- **Dataset section**
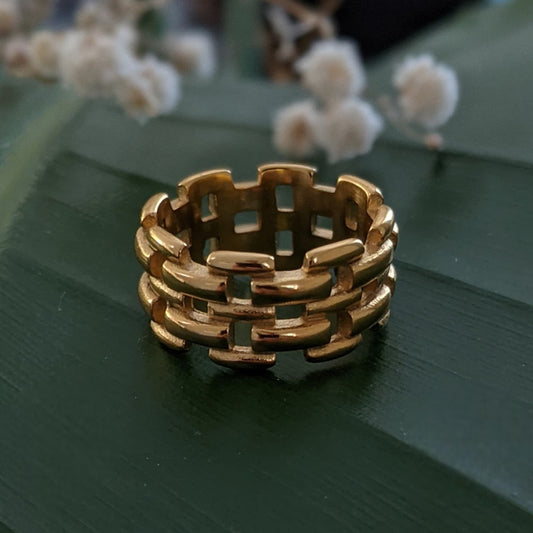Gold woven ring on a dark green surface with blurred white flowers in the background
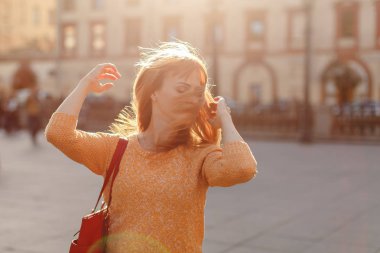 Kızıl saçlı kız etek yürür ve kafasını şehre dönüyor 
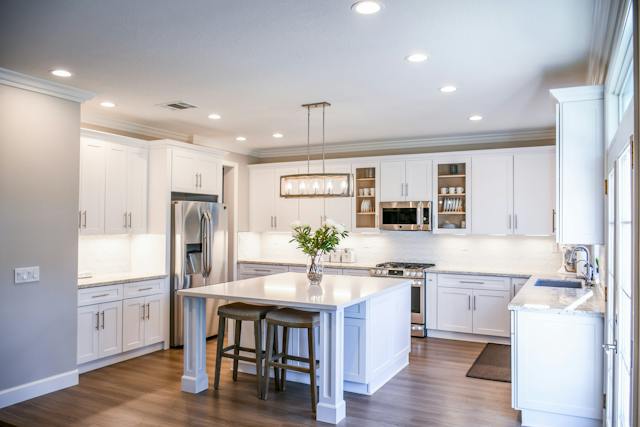 a white kitchen with hardwood flooring and stainless steel appliances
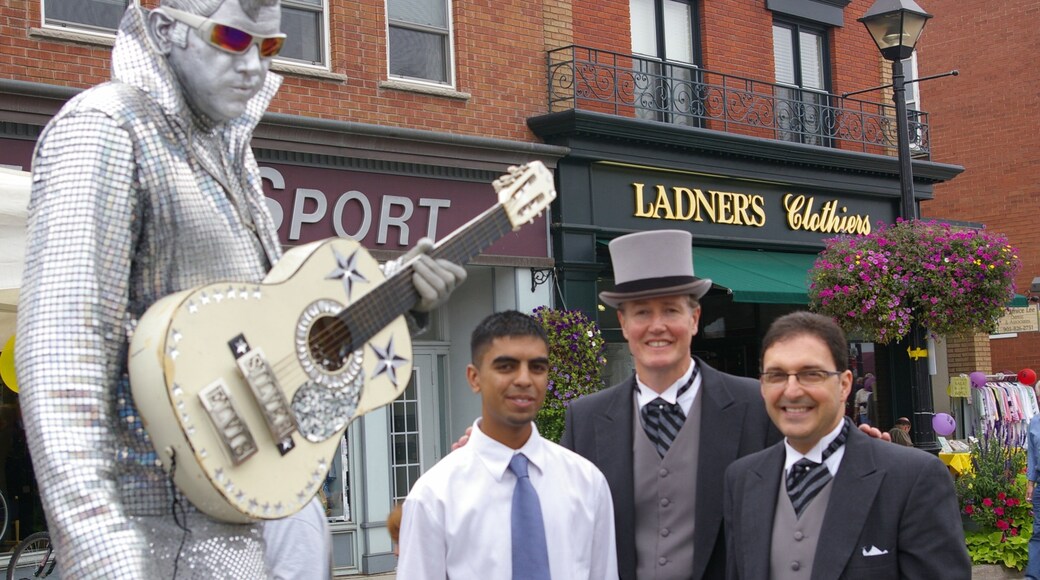 Streetsville som inkluderar en staty eller skulptur och skyltar såväl som en liten grupp av människor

- **Task details**
No pictures go in the copy. Output exactly the lines from the line containing "Kızıl saçlı kız" through the end of the listing above.

- **Response below**
 Kızıl saçlı kız etek yürür ve kafasını şehre dönüyor 
 a white kitchen with hardwood flooring and stainless steel appliances
 Streetsville som inkluderar en staty eller skulptur och skyltar såväl som en liten grupp av människor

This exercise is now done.